◆ Problem to work on:
Print, word for word, the opening line of the data below and every line after it through the line that contains "4FT x 2FT Modern", but not the pictures.

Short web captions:
=== Begin Enclosure ===

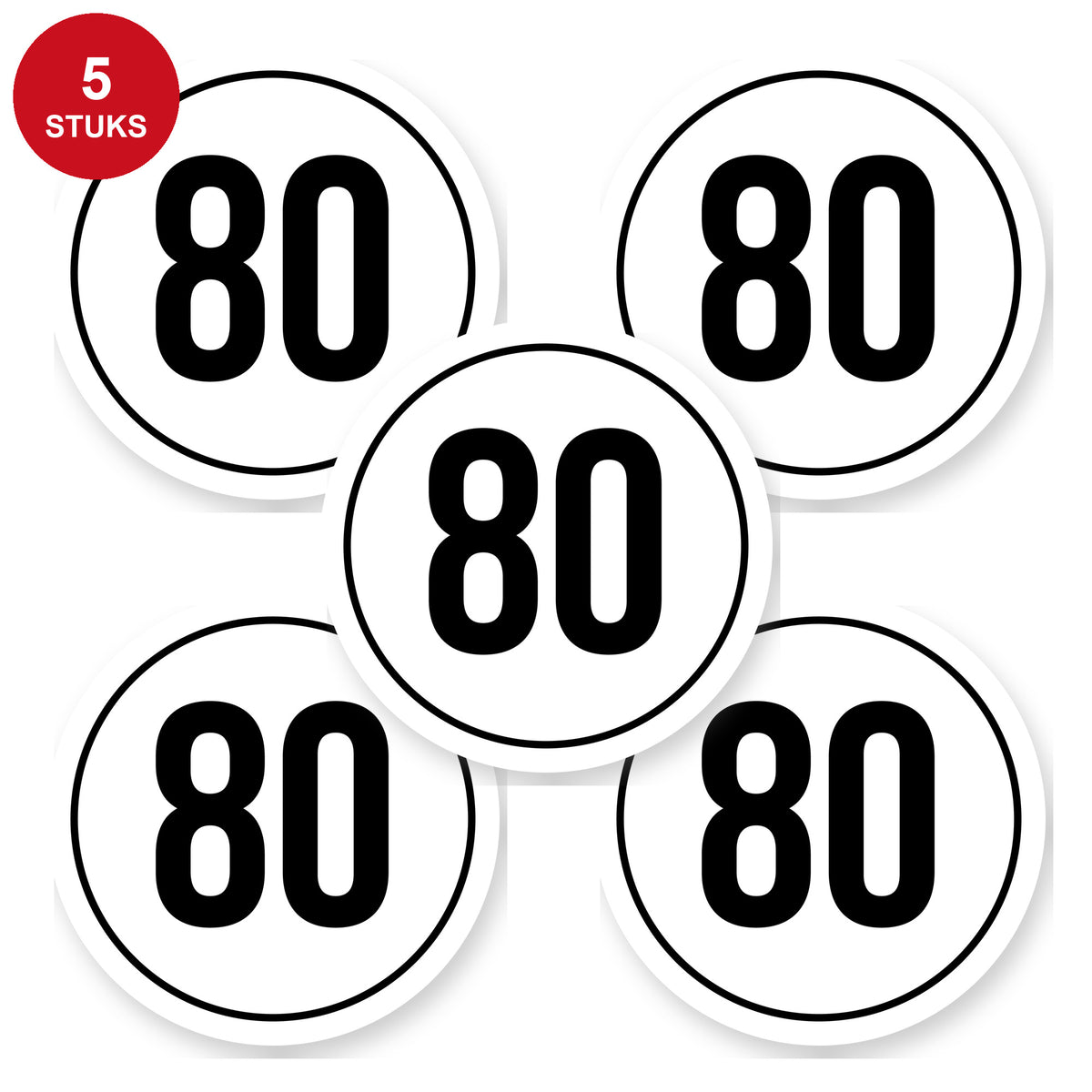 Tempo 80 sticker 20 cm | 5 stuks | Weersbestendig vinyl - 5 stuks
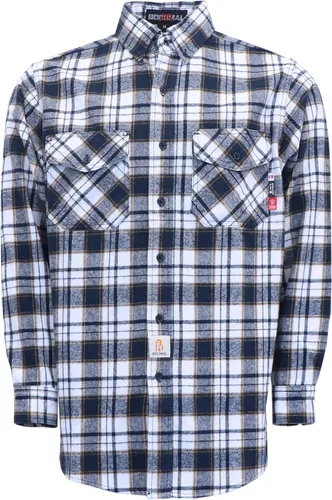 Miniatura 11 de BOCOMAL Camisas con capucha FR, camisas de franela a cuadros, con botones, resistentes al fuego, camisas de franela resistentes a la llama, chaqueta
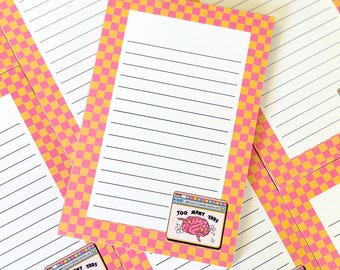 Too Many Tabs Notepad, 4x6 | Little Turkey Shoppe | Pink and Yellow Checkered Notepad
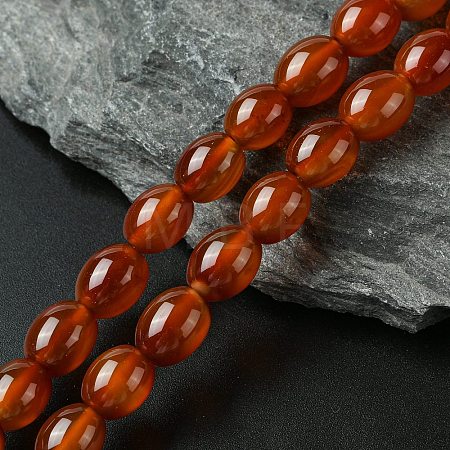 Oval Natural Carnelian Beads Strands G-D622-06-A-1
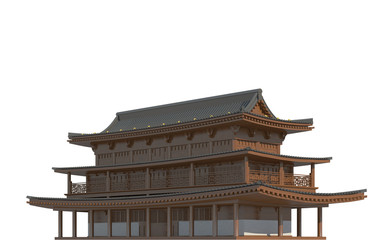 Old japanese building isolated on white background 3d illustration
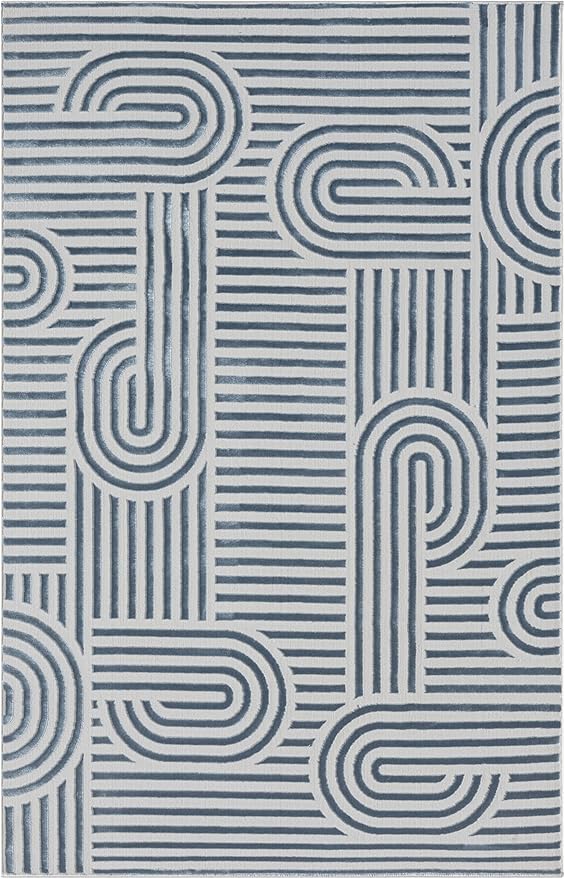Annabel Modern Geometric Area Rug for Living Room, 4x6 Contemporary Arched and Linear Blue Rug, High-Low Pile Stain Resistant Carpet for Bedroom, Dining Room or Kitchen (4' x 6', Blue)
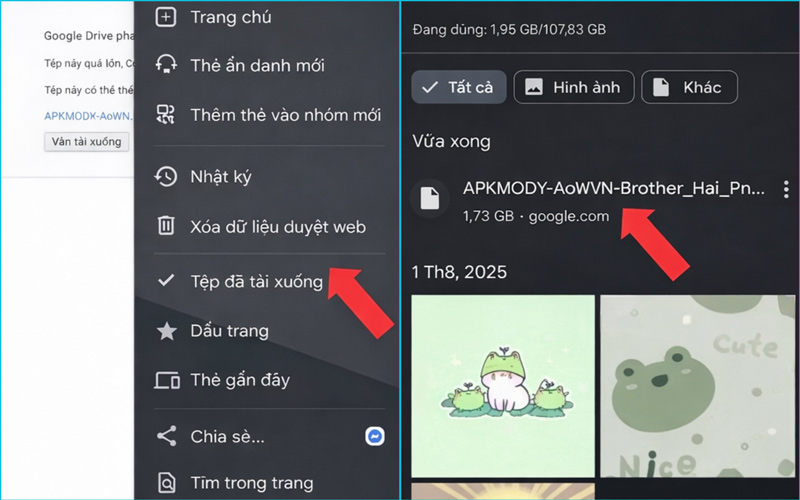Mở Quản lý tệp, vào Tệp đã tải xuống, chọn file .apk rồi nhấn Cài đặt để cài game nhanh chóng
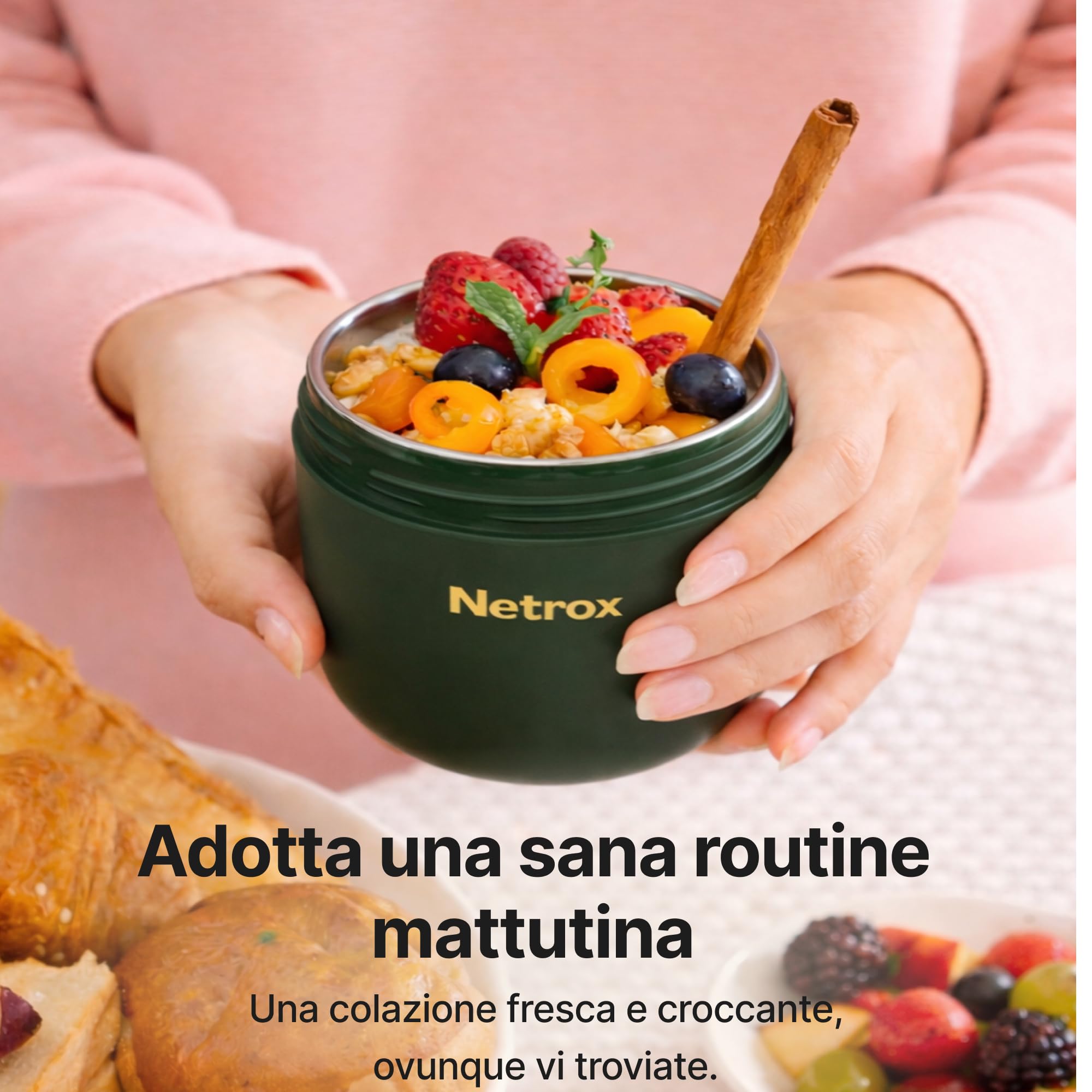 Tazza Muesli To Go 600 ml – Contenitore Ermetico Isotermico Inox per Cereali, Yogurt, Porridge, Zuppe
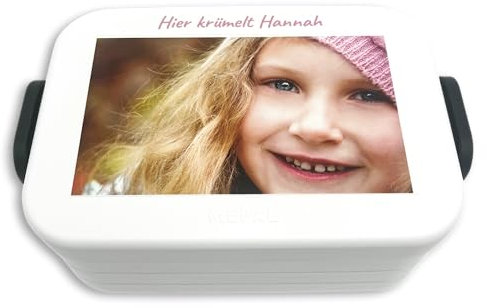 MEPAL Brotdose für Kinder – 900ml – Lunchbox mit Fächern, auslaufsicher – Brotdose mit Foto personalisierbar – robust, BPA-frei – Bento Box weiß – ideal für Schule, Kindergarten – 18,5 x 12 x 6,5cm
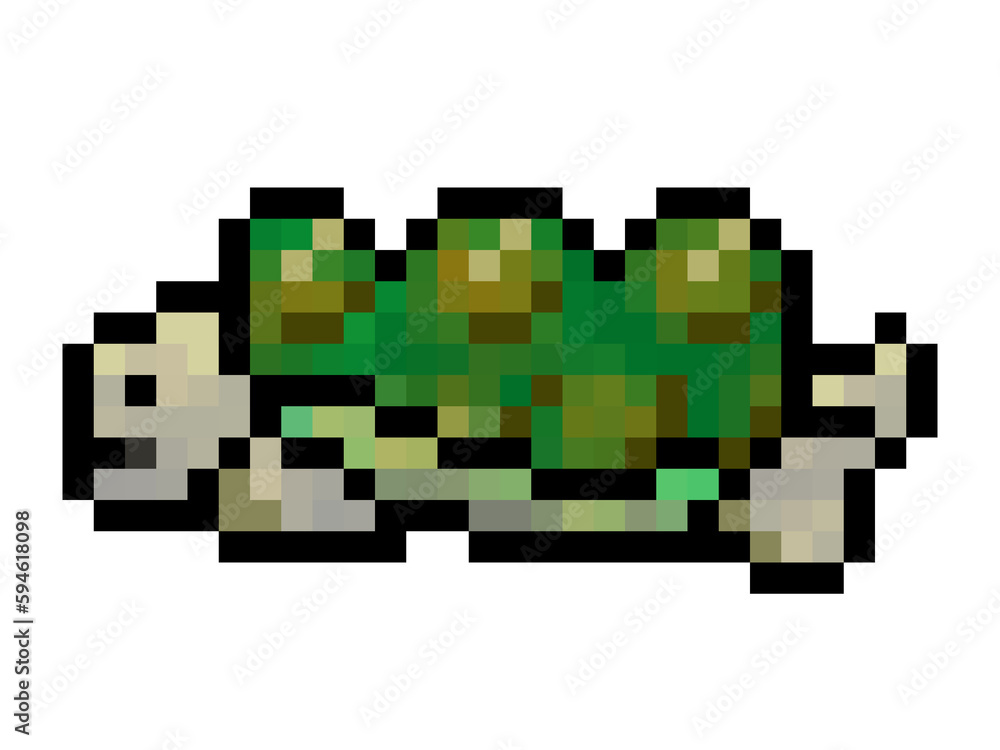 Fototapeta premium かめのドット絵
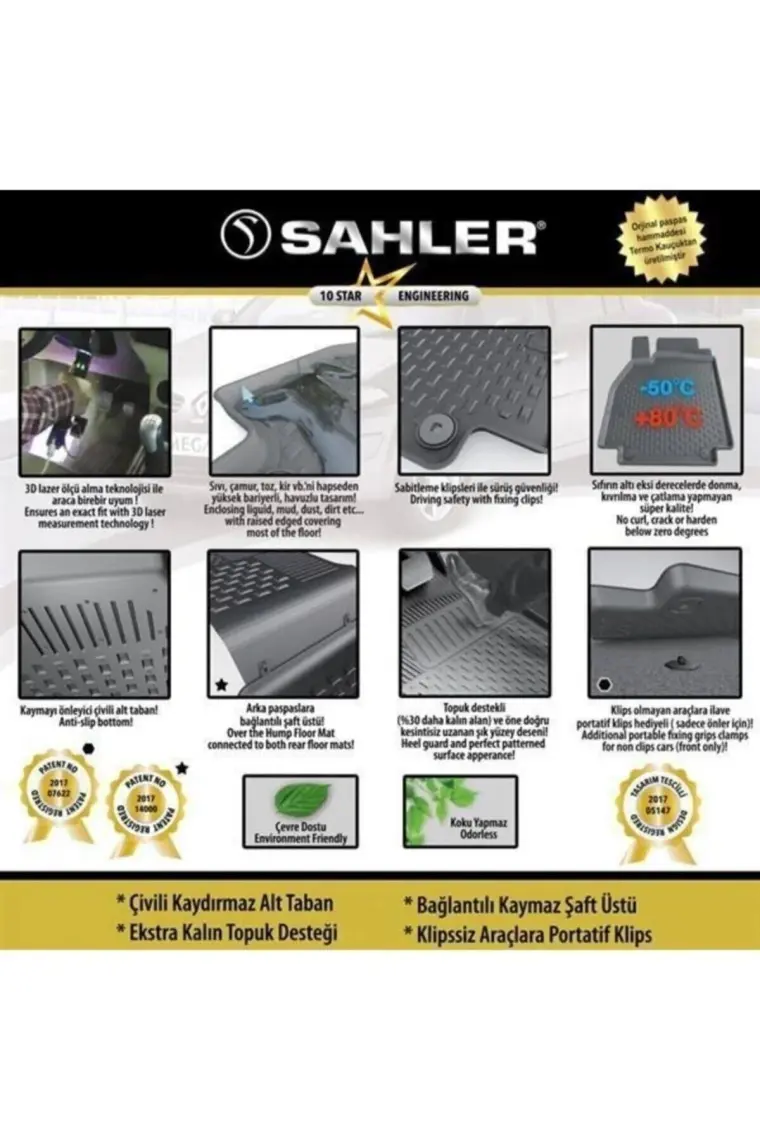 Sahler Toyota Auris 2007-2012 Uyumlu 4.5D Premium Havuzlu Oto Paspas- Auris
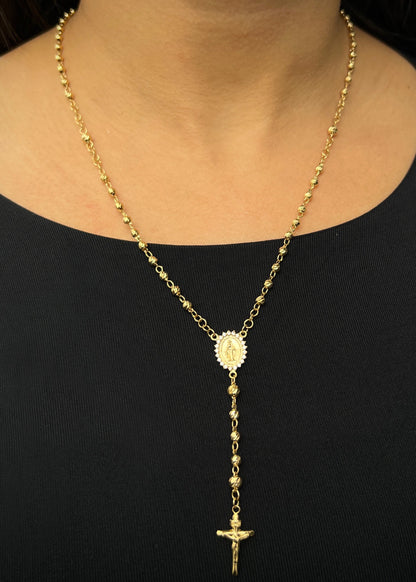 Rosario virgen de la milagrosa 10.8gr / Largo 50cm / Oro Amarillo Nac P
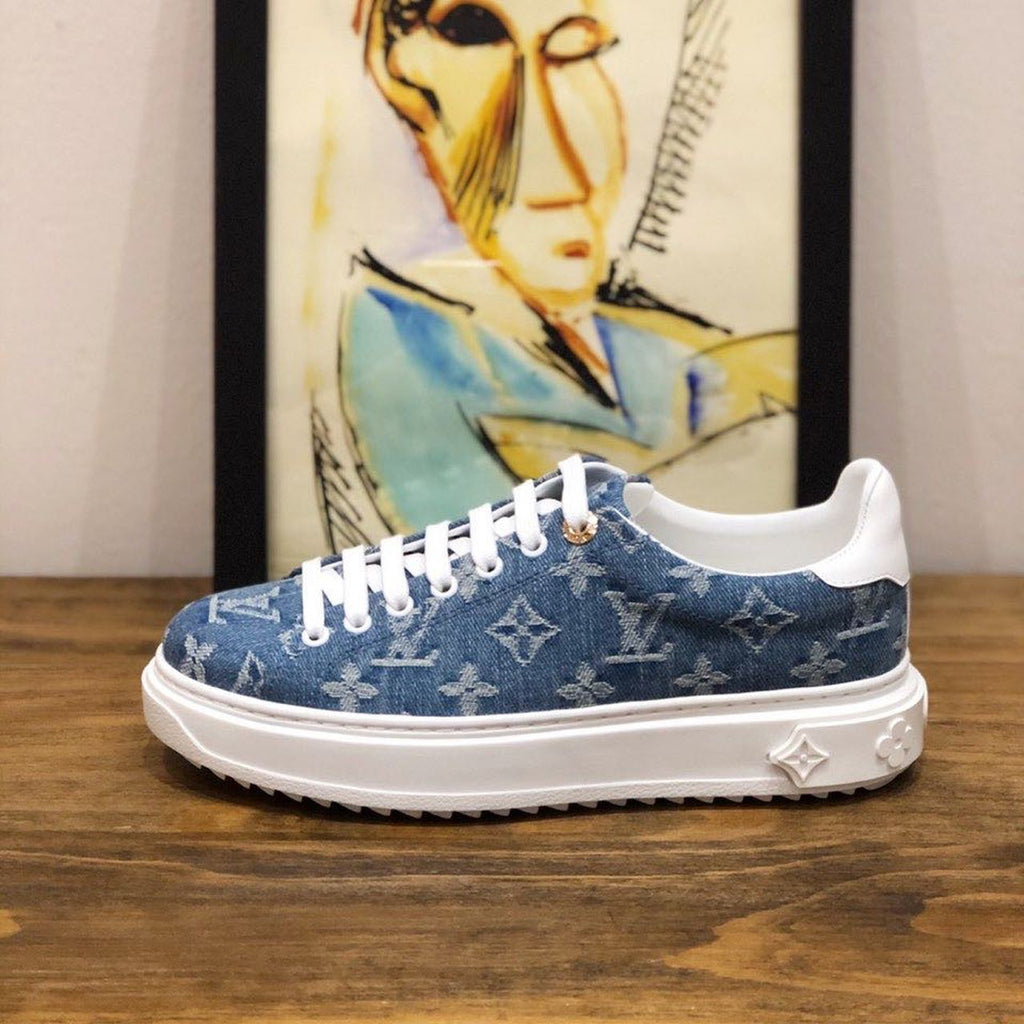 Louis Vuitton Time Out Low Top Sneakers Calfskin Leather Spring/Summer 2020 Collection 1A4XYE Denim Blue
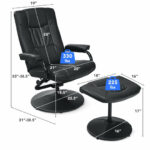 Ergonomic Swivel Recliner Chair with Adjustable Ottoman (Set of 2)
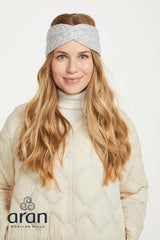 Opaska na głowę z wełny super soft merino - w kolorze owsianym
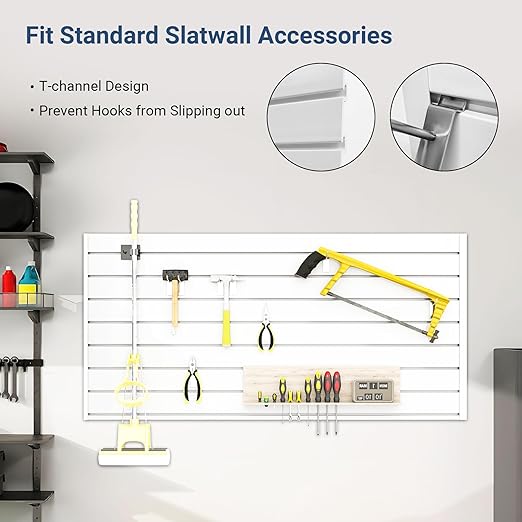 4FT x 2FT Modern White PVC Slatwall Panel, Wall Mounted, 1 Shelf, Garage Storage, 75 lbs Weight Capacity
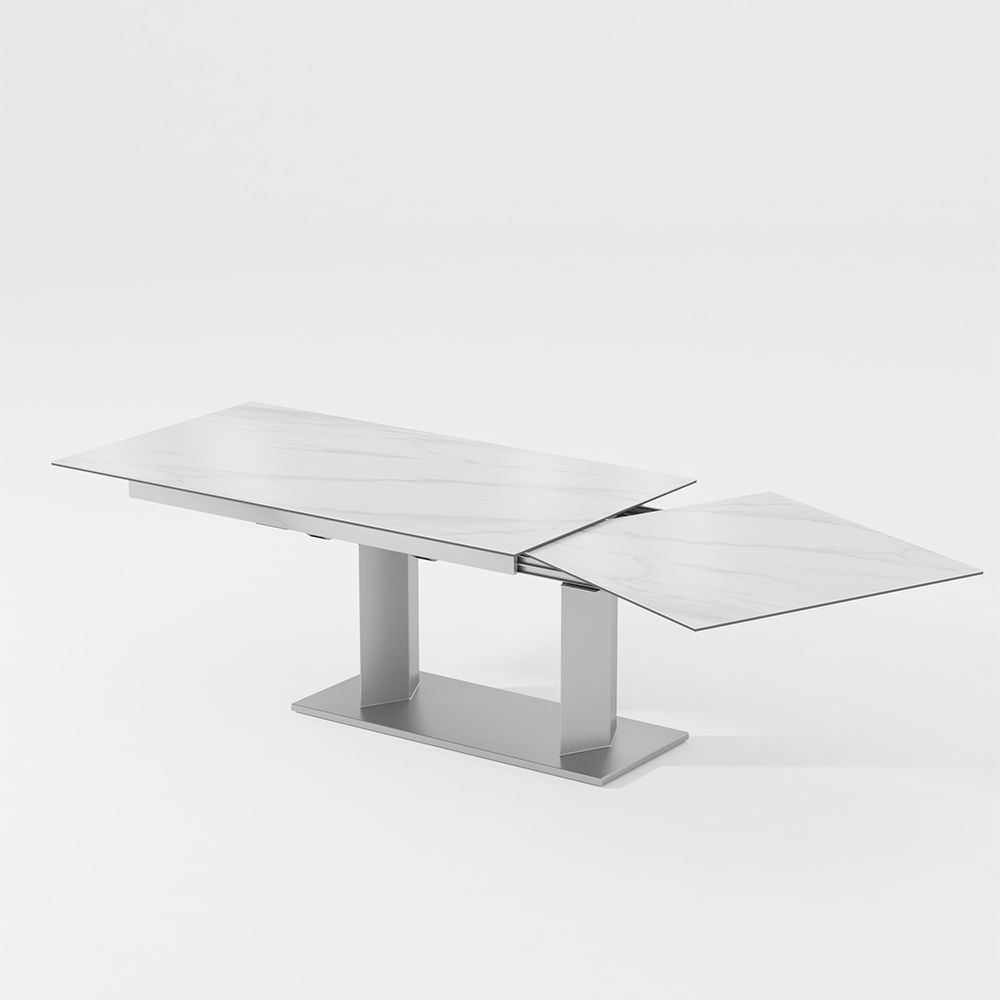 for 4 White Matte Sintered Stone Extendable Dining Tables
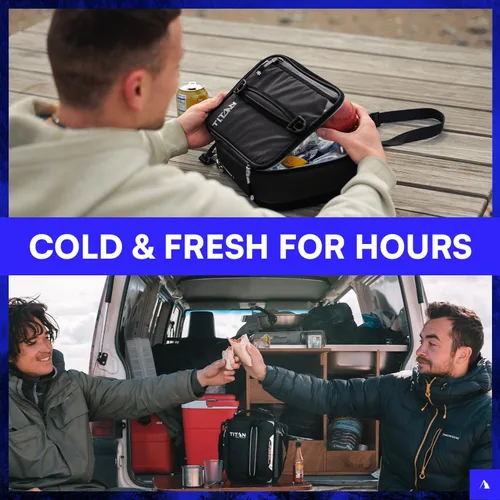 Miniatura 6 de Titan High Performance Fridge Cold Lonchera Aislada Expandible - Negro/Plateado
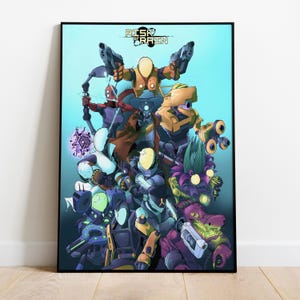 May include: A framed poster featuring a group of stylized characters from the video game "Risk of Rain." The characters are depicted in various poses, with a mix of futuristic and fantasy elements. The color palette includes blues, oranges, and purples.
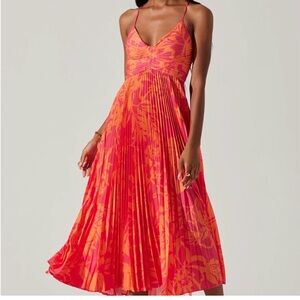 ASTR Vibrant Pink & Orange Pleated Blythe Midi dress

=== End Enclosure ===

◆ Response to this task:
 Tempo 80 sticker 20 cm | 5 stuks | Weersbestendig vinyl - 5 stuks
 Miniatura 11 de BOCOMAL Camisas con capucha FR, camisas de franela a cuadros, con botones, resistentes al fuego, camisas de franela resistentes a la llama, chaqueta
 Too Many Tabs Notepad, 4x6 | Little Turkey Shoppe | Pink and Yellow Checkered Notepad
 Oval Natural Carnelian Beads Strands G-D622-06-A-1
 Old japanese building isolated on white background 3d illustration
Annabel Modern Geometric Area Rug for Living Room, 4x6 Contemporary Arched and Linear Blue Rug, High-Low Pile Stain Resistant Carpet for Bedroom, Dining Room or Kitchen (4' x 6', Blue)
Mở Quản lý tệp, vào Tệp đã tải xuống, chọn file .apk rồi nhấn Cài đặt để cài game nhanh chóng
 Tazza Muesli To Go 600 ml – Contenitore Ermetico Isotermico Inox per Cereali, Yogurt, Porridge, Zuppe
 MEPAL Brotdose für Kinder – 900ml – Lunchbox mit Fächern, auslaufsicher – Brotdose mit Foto personalisierbar – robust, BPA-frei – Bento Box weiß – ideal für Schule, Kindergarten – 18,5 x 12 x 6,5cm
 Fototapeta premium かめのドット絵
 Sahler Toyota Auris 2007-2012 Uyumlu 4.5D Premium Havuzlu Oto Paspas- Auris
 Rosario virgen de la milagrosa 10.8gr / Largo 50cm / Oro Amarillo Nac P
 Louis Vuitton Time Out Low Top Sneakers Calfskin Leather Spring/Summer 2020 Collection 1A4XYE Denim Blue
 Ergonomic Swivel Recliner Chair with Adjustable Ottoman (Set of 2)
 Opaska na głowę z wełny super soft merino - w kolorze owsianym
 4FT x 2FT Modern White PVC Slatwall Panel, Wall Mounted, 1 Shelf, Garage Storage, 75 lbs Weight Capacity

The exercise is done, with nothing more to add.